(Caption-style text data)

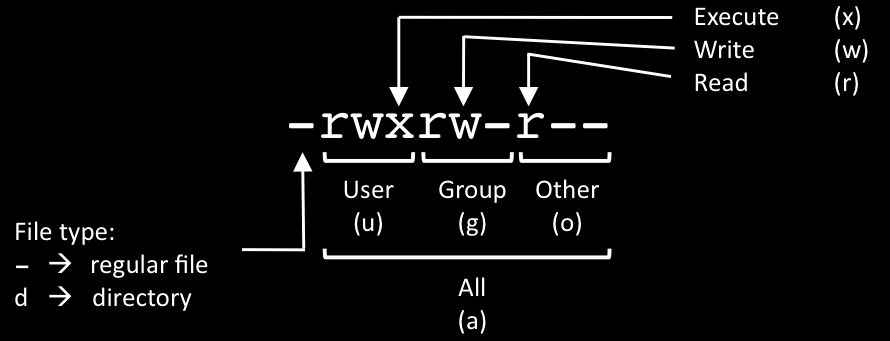 CHMOD Cheat Sheet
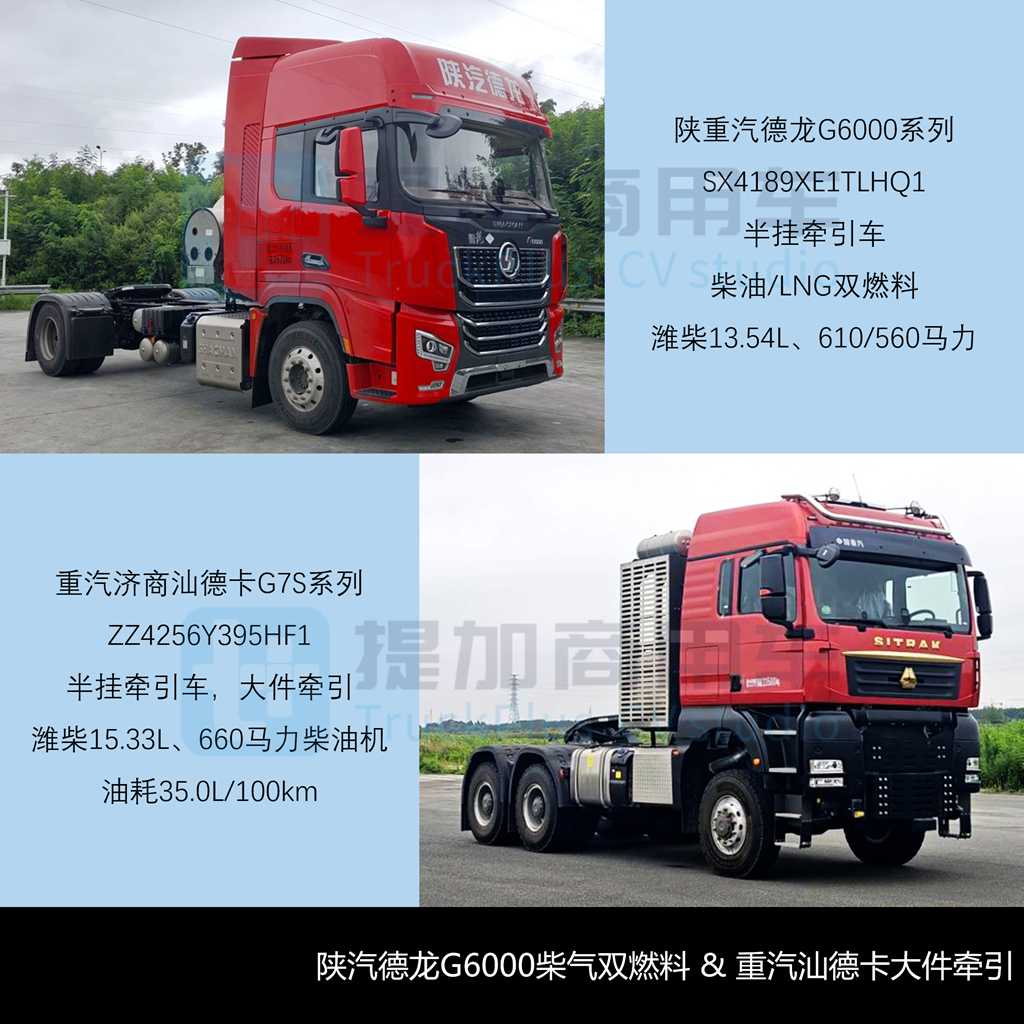 徐工新造型纯电重卡来袭,汕德卡大件牵引车抢眼,工信部第409批N类重型货车新品公示详析(上)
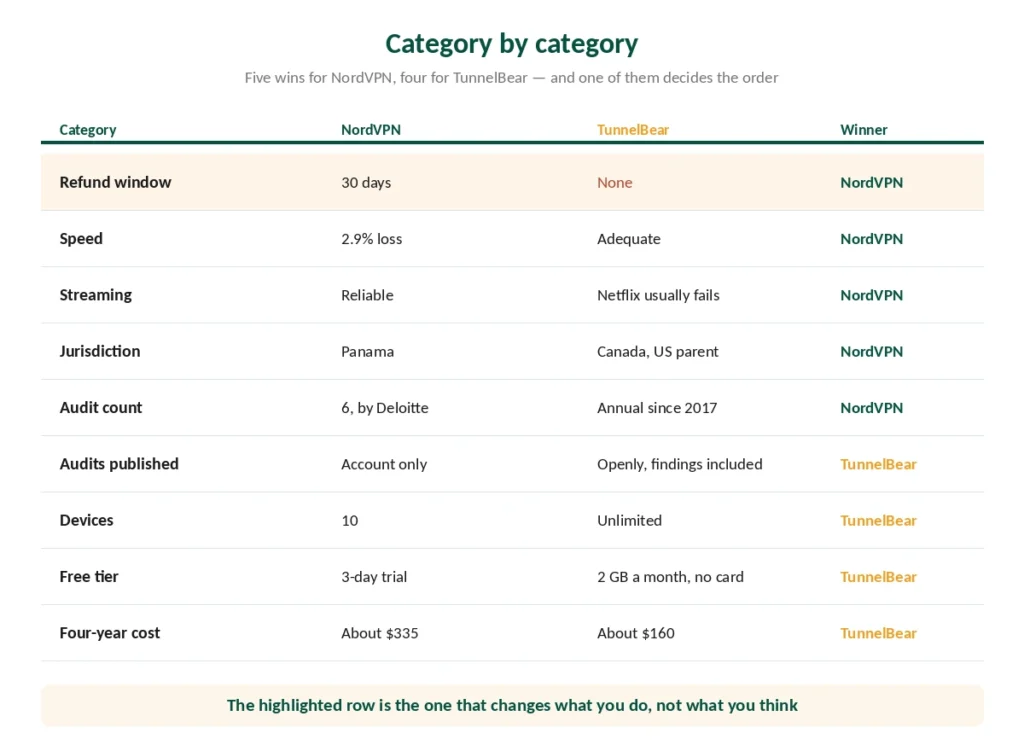 NordVPN and TunnelBear compared category by category with the winner of each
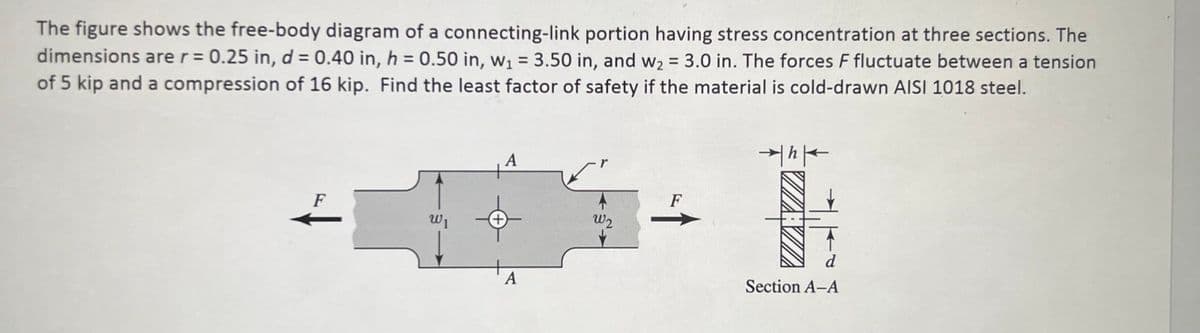 The figure shows the free-body diagram of a connecting-link portion having stress concentration at three sections. The
dimensions are r = 0.25 in, d = 0.40 in, h = 0.50 in, w₁ = 3.50 in, and w₂ = 3.0 in. The forces F fluctuate between a tension
of 5 kip and a compression of 16 kip. Find the least factor of safety if the material is cold-drawn AISI 1018 steel.
F
W₁
A
(+
A
W2
F
→ h
d
Section A-A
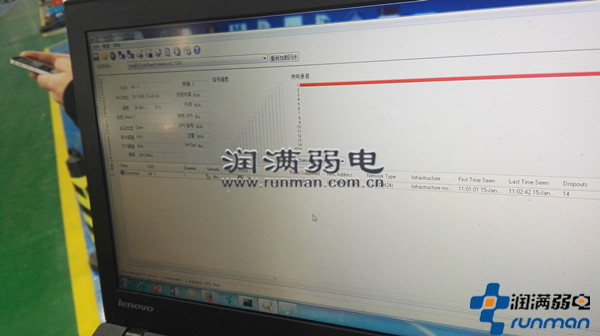 富士达电梯现场测试图 富士达电梯现场测试图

* [Problem details]
Leaving out the pictures, output each line above exactly as it is.

* [Solution to this task]
 CHMOD Cheat Sheet
 徐工新造型纯电重卡来袭,汕德卡大件牵引车抢眼,工信部第409批N类重型货车新品公示详析(上)
 NordVPN and TunnelBear compared category by category with the winner of each
 The figure shows the free-body diagram of a connecting-link portion having stress concentration at three sections. The
dimensions are r = 0.25 in, d = 0.40 in, h = 0.50 in, w₁ = 3.50 in, and w₂ = 3.0 in. The forces F fluctuate between a tension
of 5 kip and a compression of 16 kip. Find the least factor of safety if the material is cold-drawn AISI 1018 steel.
F
W₁
A
(+
A
W2
F
→ h
d
Section A-A
 富士达电梯现场测试图 富士达电梯现场测试图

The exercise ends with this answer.